- [WHAT NEEDS TO BE DONE]
Return all the lines below exactly. Any picture among them is omitted.

- [MATERIAL TO PROCESS]
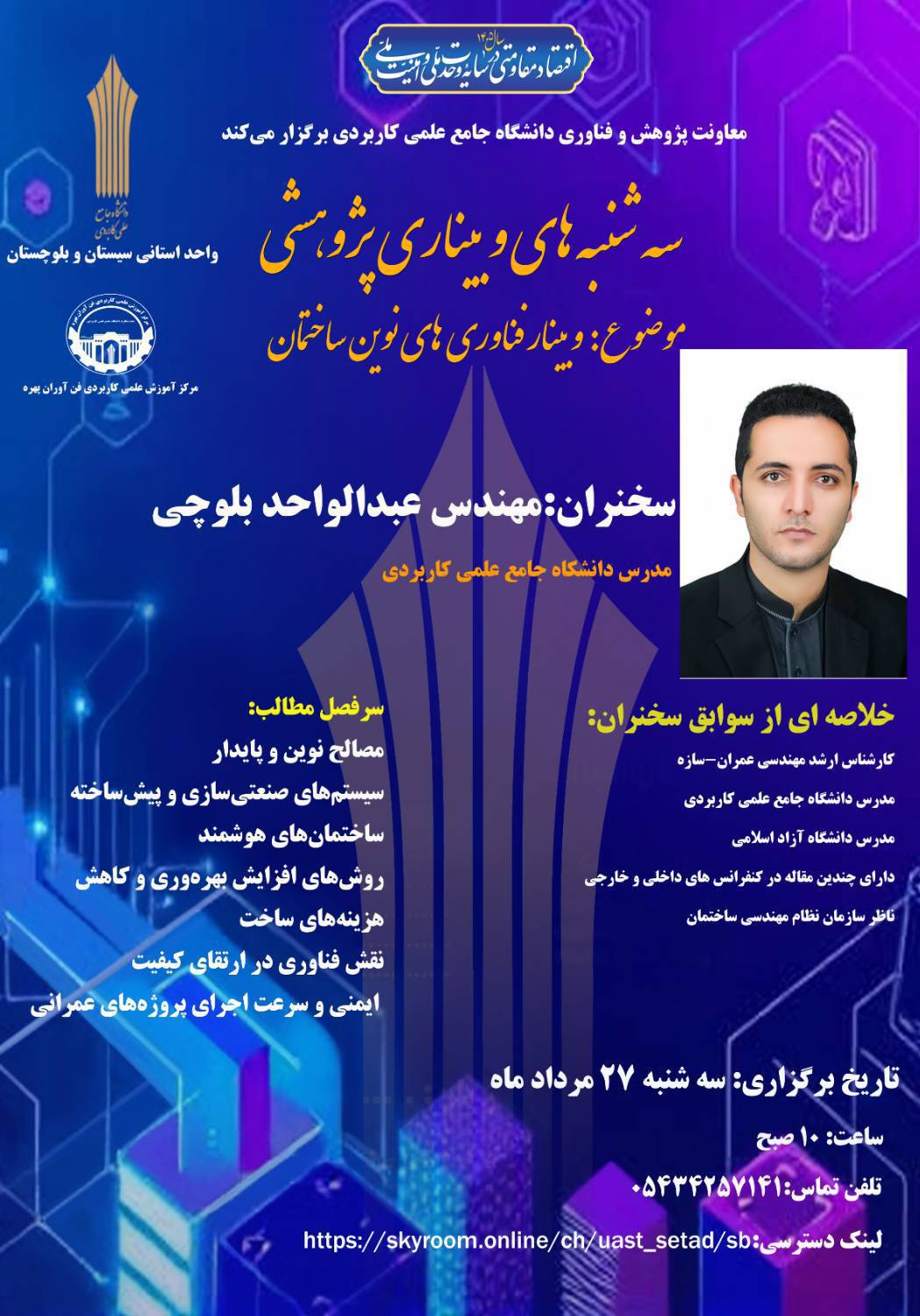 وبینار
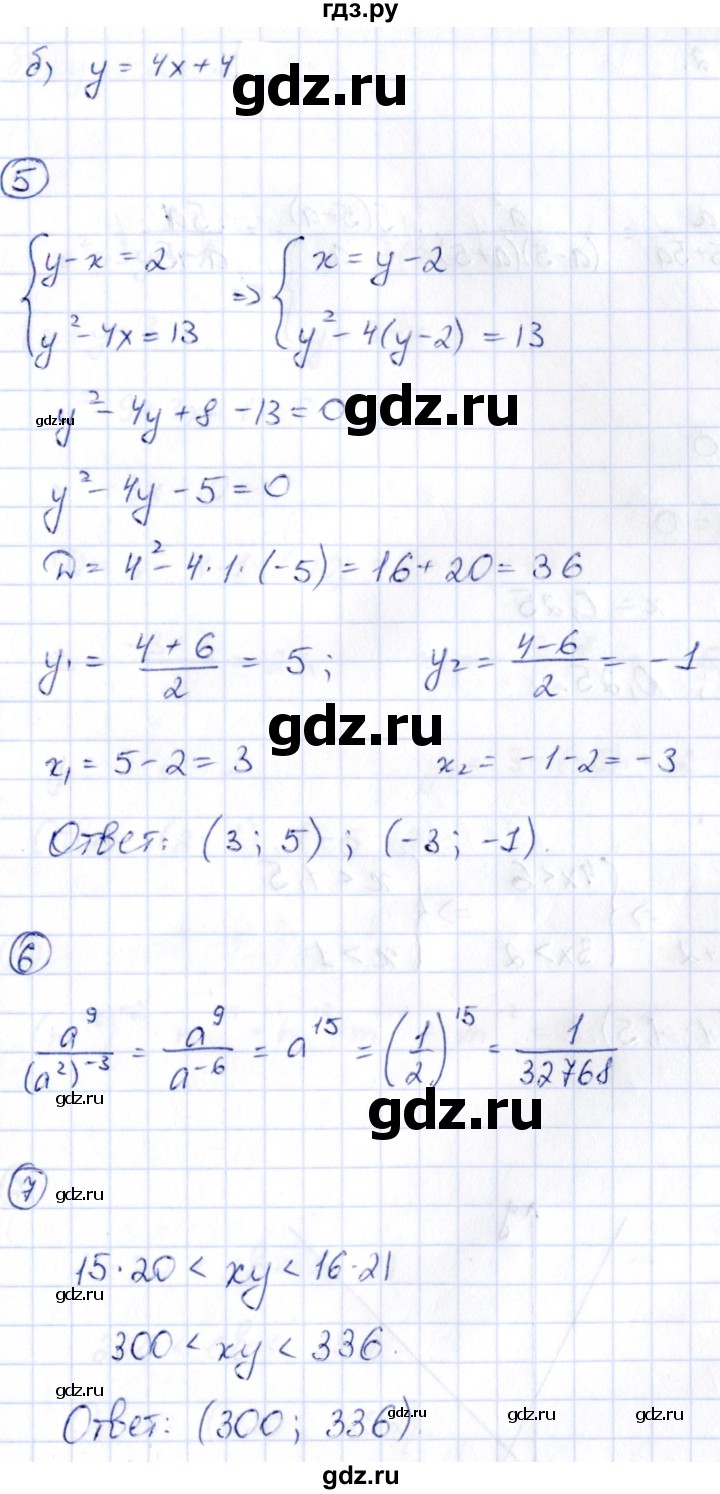ГДЗ по алгебре 9 класс Кузнецова сборник заданий  раздел 1 / работа 62. вариант - 1, Решебник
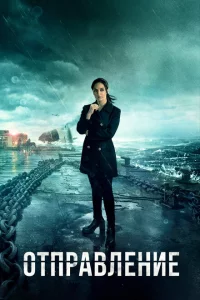 Сериал Отправление (2019)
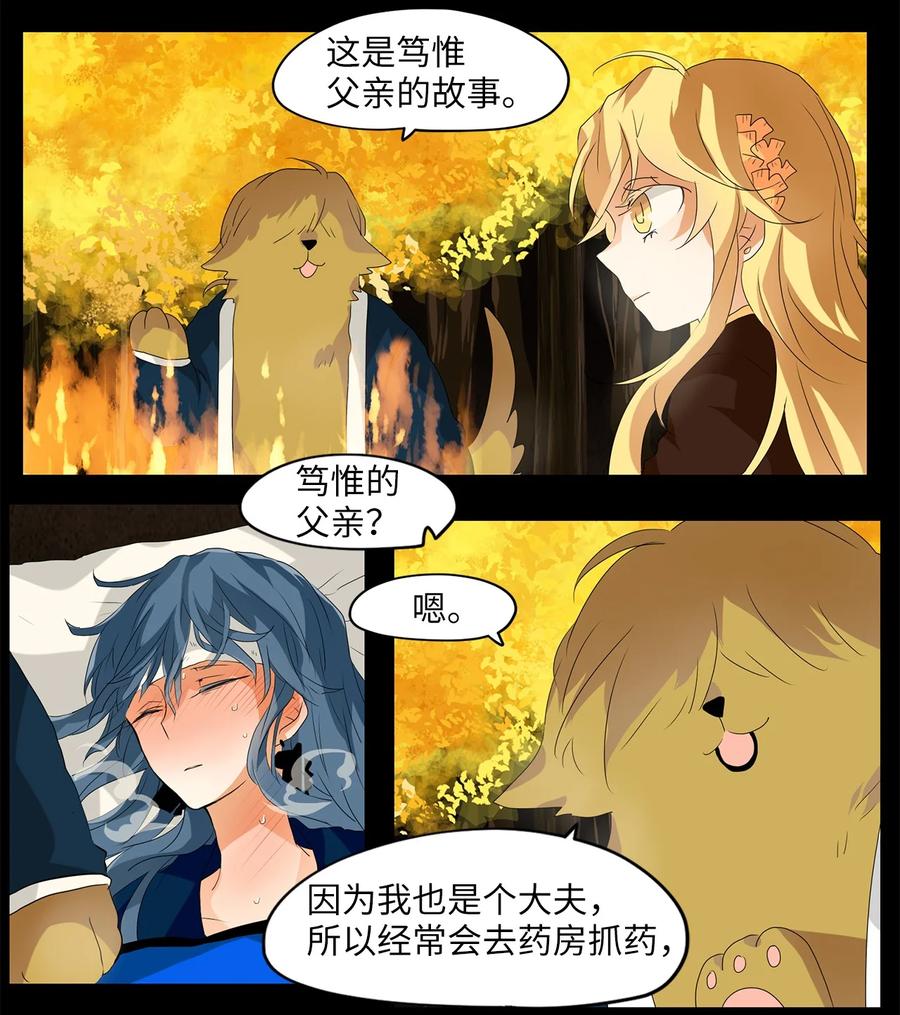 《天地海：我成为了神界的实习生》118 月见草（七） 第13页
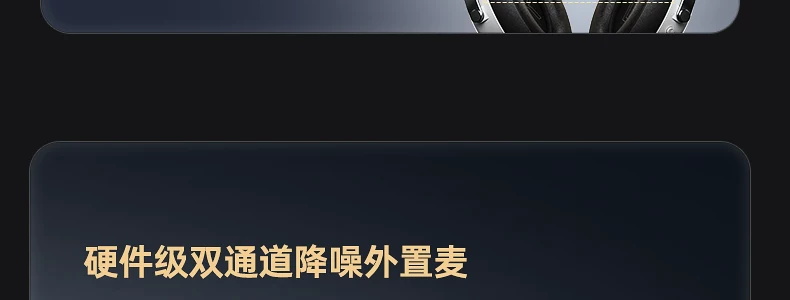 iKF影刺Pro电竞耳机头戴式游戏电脑fps专用蓝牙无线带麦三角洲男 70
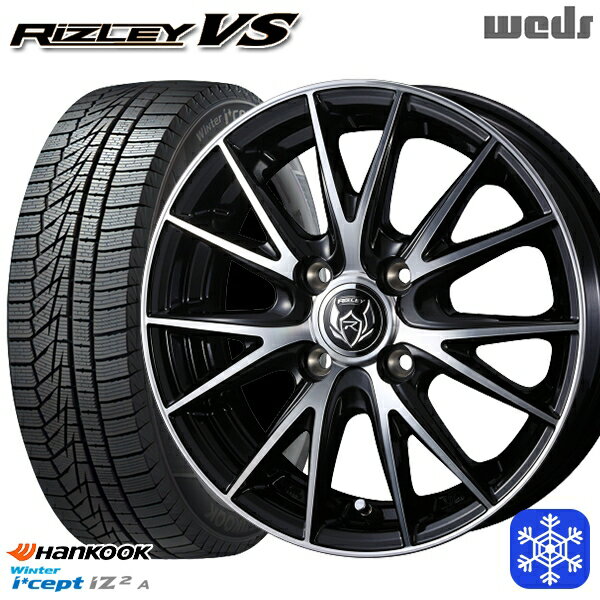 155/65R13 モコ ルークス 2022年製 HANKOOK ハンコック W626 Weds ウェッズ ライツレーVS 13インチ 4.0J 4H100 スタッドレスタイヤホイール4本セット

- [RESPONSE]
 وبینار
ГДЗ по алгебре 9 класс Кузнецова сборник заданий  раздел 1 / работа 62. вариант - 1, Решебник
 Сериал Отправление (2019)
 《天地海：我成为了神界的实习生》118 月见草（七） 第13页
 iKF影刺Pro电竞耳机头戴式游戏电脑fps专用蓝牙无线带麦三角洲男 70
 155/65R13 モコ ルークス 2022年製 HANKOOK ハンコック W626 Weds ウェッズ ライツレーVS 13インチ 4.0J 4H100 スタッドレスタイヤホイール4本セット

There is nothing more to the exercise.